SZ-Magazin: Frau Wolf, als Psychotherapeutin helfen Sie Menschen dabei, zu verzeihen: wenn sie betrogen oder missbraucht wurden, wenn sie einen geliebten Menschen durch Suizid verloren haben oder durch einen Unfall, an dem eine andere Person schuld war. Wie schafft man es, so schwere Verletzungen zu verzeihen?
Doris Wolf: Sagen wir es so: Es gibt nichts, das man nicht verzeihen kann. Sogar Mord am eigenen Kind kann verziehen werden – wenn sich die verletzte Person dazu entschieden hat.
Es geht also nicht darum, wie schlimm es war, was mir angetan wurde, sondern ob ich bereit bin zu verzeihen?
Genau. Es hängt von jedem einzelnen Menschen ab, ob und was er oder sie verzeiht. Oder eben nicht. Ich erlebe Patienten, die ihrem Partner einen Seitensprung verzeihen, weil sie es möchten.
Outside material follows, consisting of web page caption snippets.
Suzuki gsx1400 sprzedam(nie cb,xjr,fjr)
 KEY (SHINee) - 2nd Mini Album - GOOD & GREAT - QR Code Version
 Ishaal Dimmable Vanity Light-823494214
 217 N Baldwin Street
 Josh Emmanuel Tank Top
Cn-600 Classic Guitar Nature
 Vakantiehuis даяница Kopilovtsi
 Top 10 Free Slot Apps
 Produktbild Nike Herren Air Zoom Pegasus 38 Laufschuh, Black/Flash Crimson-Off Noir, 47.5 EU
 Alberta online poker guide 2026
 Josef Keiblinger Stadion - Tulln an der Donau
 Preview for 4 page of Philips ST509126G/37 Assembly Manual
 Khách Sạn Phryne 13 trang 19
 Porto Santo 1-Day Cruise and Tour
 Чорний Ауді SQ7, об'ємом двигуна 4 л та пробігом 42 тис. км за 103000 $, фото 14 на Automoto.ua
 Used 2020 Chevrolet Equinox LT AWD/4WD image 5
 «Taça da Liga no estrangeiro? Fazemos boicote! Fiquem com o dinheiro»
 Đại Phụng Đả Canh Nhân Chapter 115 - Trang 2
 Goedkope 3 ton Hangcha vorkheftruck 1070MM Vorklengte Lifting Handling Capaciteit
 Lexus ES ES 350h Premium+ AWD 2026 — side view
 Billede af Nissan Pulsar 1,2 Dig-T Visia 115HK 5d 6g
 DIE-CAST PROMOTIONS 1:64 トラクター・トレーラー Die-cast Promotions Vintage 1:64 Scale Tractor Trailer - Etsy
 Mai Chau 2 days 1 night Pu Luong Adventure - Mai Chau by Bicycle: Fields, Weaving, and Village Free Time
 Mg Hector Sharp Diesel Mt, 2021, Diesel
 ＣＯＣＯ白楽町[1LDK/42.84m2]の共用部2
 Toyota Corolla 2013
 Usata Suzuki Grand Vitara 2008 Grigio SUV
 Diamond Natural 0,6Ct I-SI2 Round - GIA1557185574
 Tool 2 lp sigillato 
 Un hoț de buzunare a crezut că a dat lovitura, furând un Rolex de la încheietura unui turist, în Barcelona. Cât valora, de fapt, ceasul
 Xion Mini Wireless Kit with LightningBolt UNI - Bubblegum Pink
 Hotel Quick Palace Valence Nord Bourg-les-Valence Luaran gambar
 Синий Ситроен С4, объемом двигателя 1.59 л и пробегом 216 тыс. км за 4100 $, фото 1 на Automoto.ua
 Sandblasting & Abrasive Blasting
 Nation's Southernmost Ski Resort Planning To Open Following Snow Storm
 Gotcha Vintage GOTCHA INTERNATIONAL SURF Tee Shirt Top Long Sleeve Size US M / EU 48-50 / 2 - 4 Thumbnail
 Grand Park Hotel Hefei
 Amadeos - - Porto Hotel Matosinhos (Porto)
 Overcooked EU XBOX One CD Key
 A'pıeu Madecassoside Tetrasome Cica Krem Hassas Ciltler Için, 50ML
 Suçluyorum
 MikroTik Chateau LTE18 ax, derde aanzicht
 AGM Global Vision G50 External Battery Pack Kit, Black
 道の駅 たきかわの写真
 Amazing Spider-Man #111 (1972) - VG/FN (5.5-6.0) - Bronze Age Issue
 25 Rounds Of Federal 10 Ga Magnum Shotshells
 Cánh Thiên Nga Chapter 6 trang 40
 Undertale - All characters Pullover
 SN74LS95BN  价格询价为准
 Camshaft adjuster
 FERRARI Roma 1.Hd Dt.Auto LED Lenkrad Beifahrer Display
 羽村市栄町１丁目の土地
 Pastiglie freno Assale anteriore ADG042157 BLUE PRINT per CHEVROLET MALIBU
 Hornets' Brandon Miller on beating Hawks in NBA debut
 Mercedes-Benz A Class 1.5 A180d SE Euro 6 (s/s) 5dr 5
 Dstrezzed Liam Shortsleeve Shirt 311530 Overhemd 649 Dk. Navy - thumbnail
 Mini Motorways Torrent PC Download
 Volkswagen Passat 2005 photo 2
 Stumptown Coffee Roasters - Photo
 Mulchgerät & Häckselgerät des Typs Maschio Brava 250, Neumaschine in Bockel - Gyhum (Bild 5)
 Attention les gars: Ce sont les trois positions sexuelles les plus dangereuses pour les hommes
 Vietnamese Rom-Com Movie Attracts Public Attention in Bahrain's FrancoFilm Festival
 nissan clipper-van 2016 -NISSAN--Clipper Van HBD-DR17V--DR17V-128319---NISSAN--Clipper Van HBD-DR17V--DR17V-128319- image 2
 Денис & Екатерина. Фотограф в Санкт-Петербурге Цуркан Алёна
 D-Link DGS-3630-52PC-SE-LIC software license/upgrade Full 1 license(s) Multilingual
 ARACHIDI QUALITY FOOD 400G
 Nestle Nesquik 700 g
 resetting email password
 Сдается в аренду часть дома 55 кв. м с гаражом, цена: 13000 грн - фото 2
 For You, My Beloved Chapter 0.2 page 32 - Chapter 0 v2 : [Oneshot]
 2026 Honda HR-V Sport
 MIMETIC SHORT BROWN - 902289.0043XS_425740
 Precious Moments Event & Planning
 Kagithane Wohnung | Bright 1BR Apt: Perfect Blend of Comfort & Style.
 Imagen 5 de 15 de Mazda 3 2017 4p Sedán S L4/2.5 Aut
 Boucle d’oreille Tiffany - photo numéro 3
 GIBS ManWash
Weil sie diesen Menschen in ihrem Leben haben wollen, weil sie die Beziehung wollen. Und dann gibt es solche, die nicht bereit sind zu verzeihen, dass sie von einer Freundin versetzt wurden oder dass der Chef bei der Beförderung einem Kollegen den Vorzug gab. Verzeihen ist das Ergebnis eines langen, bewussten Prozesses, in den viele persönliche Gedanken und Gefühle einfließen. Und es ist Einstellungssache.